Nothing but the lines from the start of the records below through the line that has "Cerita Kiky Saputri" should appear, each exactly as given.

PROVIDED ENTRIES:
# # # #

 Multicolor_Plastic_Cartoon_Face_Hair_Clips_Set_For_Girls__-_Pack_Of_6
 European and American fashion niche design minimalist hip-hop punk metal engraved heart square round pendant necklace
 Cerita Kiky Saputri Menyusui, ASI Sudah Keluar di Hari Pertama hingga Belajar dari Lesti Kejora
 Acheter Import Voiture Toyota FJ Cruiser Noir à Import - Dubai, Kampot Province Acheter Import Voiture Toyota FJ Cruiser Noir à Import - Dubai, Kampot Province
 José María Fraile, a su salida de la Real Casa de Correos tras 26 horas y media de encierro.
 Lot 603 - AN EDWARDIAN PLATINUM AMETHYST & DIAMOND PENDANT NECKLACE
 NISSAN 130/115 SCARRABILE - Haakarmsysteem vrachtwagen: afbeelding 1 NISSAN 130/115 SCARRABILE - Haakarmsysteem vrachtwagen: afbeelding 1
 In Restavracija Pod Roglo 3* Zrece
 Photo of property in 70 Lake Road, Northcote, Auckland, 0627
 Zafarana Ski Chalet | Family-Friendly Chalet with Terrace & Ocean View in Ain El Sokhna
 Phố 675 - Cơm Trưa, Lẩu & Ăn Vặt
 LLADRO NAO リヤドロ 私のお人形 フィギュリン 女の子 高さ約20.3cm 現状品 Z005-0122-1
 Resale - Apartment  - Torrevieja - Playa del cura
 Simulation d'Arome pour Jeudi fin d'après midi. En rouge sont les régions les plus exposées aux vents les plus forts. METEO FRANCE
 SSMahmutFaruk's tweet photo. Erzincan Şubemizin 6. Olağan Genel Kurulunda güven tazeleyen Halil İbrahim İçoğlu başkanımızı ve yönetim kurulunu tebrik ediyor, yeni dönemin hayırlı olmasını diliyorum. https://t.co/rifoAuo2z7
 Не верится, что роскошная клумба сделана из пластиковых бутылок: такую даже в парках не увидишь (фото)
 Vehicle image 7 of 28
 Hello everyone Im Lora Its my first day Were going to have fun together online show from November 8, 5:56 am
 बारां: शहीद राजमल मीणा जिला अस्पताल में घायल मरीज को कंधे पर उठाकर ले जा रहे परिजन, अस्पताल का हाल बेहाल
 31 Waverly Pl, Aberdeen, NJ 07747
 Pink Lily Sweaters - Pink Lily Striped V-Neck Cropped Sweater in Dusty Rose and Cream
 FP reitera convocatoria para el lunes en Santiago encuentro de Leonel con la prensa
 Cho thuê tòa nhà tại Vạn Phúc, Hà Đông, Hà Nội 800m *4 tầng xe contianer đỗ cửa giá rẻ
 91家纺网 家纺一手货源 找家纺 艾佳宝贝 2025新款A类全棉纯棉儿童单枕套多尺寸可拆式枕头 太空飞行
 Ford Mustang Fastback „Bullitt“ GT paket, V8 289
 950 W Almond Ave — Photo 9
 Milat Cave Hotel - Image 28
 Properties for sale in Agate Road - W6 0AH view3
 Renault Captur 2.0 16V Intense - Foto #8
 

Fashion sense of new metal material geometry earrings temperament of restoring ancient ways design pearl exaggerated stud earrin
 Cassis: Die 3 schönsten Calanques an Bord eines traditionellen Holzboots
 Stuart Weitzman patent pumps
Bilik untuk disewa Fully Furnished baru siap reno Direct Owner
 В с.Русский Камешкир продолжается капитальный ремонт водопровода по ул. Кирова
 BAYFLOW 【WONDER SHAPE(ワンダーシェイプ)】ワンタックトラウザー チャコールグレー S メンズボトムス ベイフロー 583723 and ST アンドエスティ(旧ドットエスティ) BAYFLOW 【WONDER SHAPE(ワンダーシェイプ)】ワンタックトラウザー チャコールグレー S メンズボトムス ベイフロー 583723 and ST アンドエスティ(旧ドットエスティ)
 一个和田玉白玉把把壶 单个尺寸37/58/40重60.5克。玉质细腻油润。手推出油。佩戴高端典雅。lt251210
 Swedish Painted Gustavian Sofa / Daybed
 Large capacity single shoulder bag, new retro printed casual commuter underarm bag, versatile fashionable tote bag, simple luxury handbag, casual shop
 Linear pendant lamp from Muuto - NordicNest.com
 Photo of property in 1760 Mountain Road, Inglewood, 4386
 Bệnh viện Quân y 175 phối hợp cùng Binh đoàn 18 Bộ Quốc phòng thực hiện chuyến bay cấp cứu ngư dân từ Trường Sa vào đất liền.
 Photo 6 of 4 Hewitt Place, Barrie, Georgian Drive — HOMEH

# # # #

EXERCISE ANSWER:
 Multicolor_Plastic_Cartoon_Face_Hair_Clips_Set_For_Girls__-_Pack_Of_6
 European and American fashion niche design minimalist hip-hop punk metal engraved heart square round pendant necklace
 Cerita Kiky Saputri Menyusui, ASI Sudah Keluar di Hari Pertama hingga Belajar dari Lesti Kejora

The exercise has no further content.